Go through the listing below and repeat it exactly, omitting each picture.

──────────────────────────────

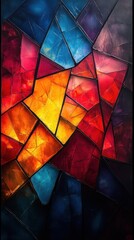 Wall Mural - Abstract Geometric Pattern with Vibrant Colors and Painted Texture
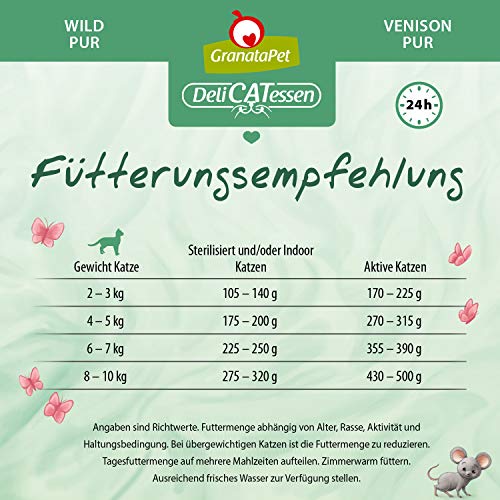 GranataPet DeliCatessen Wild PUR, Nassfutter für Katzen, Futter ohne Getreide & ohne Zuckerzusätze, Katzenfutter mit hohem Fleischanteil & hochwertigen Ölen, 6 x 400 g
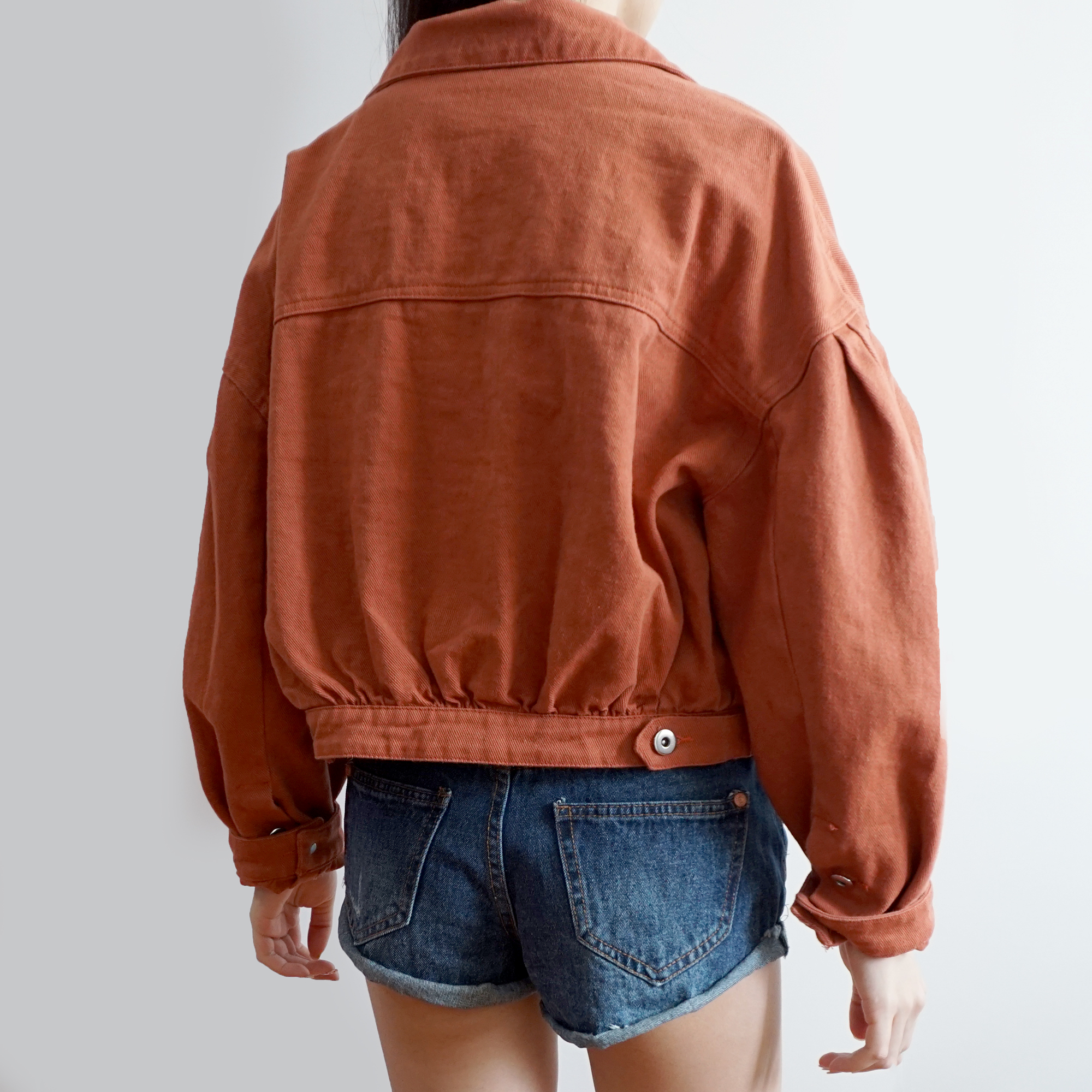 Rustic Denim Jacket (Burnt Orange) Â· Megoosta Fashion Â· Free shipping worldwide on all orders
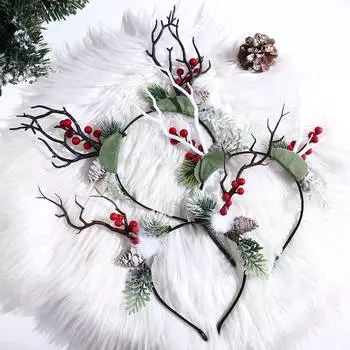 Ветка Макияж Рога Оленя Корейский Стиль Головной Обруч Аксессуары Для Волос Женская Повязка На Голову Рога Повязка На Голову C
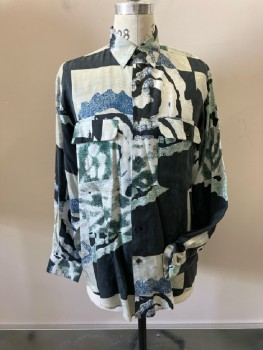 GOOCH, Black/Gray/Navy/Sage Abstract Printed Paisley Silk Jacquard, C.A., B.F., 1 Flap Pckt, L/S, with Button Cuffs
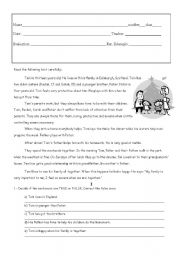 English Worksheet: have/has got , prepositions and family members (in it a text and exercises)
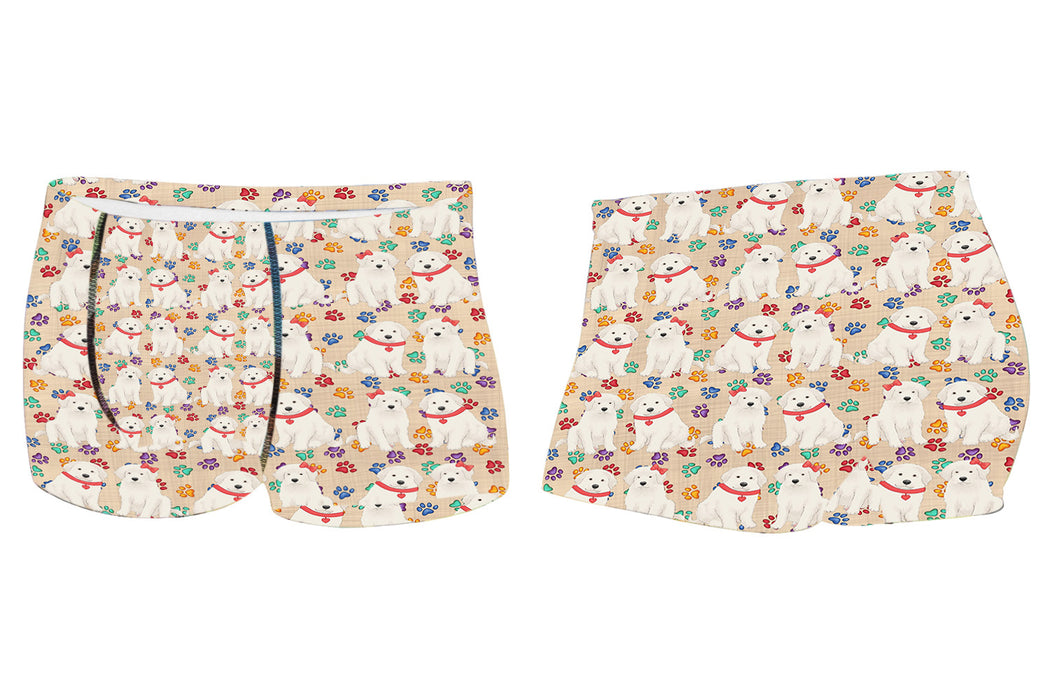 Rainbow Paw Print Great Pyrenees Dogs RedMen's All Over Print Boxer Briefs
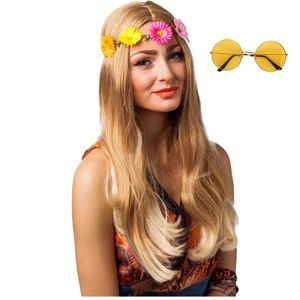 Hippie Flower Power Sixties verkleed set hoofdband met gele party bril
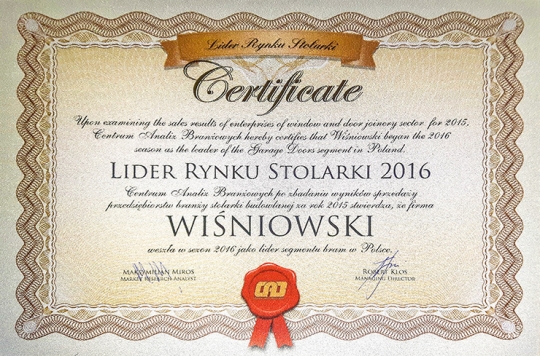 WIŚNIOWSKI ponownie LIDEREM RYNKU STOLARKI WIŚNIOWSKI ponownie LIDEREM RYNKU STOLARKI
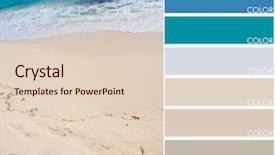 Presentation with color - Amazing presentation design having beach background with color swatch backdrop and a lemonade colored foreground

──────────────────────────────

Solution
 Wall Mural - Abstract Geometric Pattern with Vibrant Colors and Painted Texture
 GranataPet DeliCatessen Wild PUR, Nassfutter für Katzen, Futter ohne Getreide & ohne Zuckerzusätze, Katzenfutter mit hohem Fleischanteil & hochwertigen Ölen, 6 x 400 g
 Rustic Denim Jacket (Burnt Orange) Â· Megoosta Fashion Â· Free shipping worldwide on all orders
 Ветка Макияж Рога Оленя Корейский Стиль Головной Обруч Аксессуары Для Волос Женская Повязка На Голову Рога Повязка На Голову C
 GOOCH, Black/Gray/Navy/Sage Abstract Printed Paisley Silk Jacquard, C.A., B.F., 1 Flap Pckt, L/S, with Button Cuffs
 English Worksheet: have/has got , prepositions and family members (in it a text and exercises)
 Rainbow Paw Print Great Pyrenees Dogs RedMen's All Over Print Boxer Briefs
 Hippie Flower Power Sixties verkleed set hoofdband met gele party bril
 WIŚNIOWSKI ponownie LIDEREM RYNKU STOLARKI WIŚNIOWSKI ponownie LIDEREM RYNKU STOLARKI
 Presentation with color - Amazing presentation design having beach background with color swatch backdrop and a lemonade colored foreground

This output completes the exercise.